> Recorded information
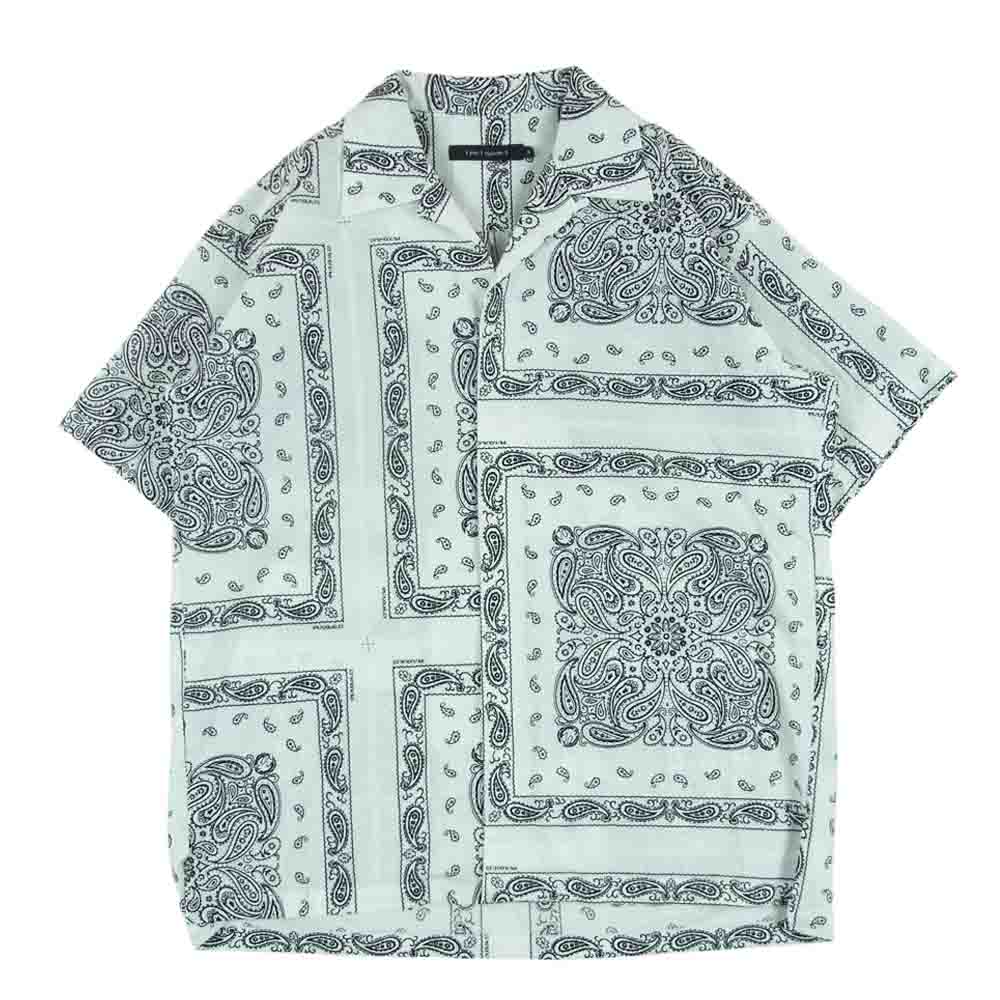 1piu1uguale3 ウノピュウノウグァーレトレ MRS151 COT349 HOLIDAY S/S SHIRTS ホリデー ペイズリー バンダナ オープンカラー 半袖 シャツ ホワイト系 ブラック系 3【中古】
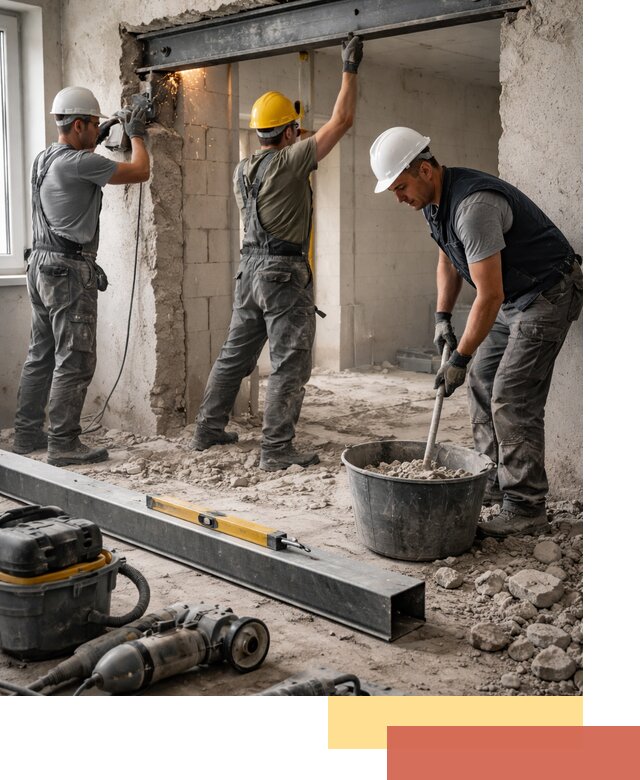 Создание проемов в стенах и несущих конструкциях в Гае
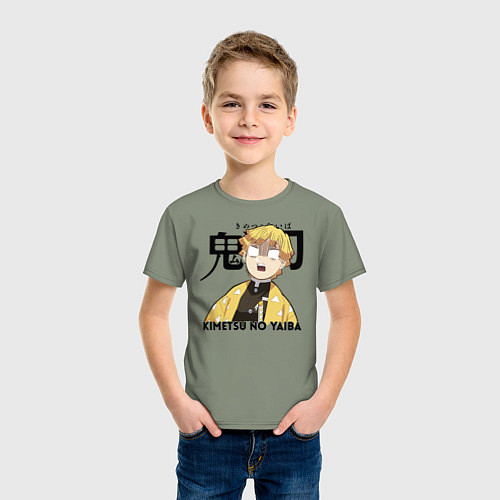 Детская футболка Зеницу Агацума Kimetsu no Yaiba / Авокадо – фото 3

> Description of the task
Reproduce the material above exactly but drop all images.

> Output for this exercise
 1piu1uguale3 ウノピュウノウグァーレトレ MRS151 COT349 HOLIDAY S/S SHIRTS ホリデー ペイズリー バンダナ オープンカラー 半袖 シャツ ホワイト系 ブラック系 3【中古】
 Создание проемов в стенах и несущих конструкциях в Гае
 Детская футболка Зеницу Агацума Kimetsu no Yaiba / Авокадо – фото 3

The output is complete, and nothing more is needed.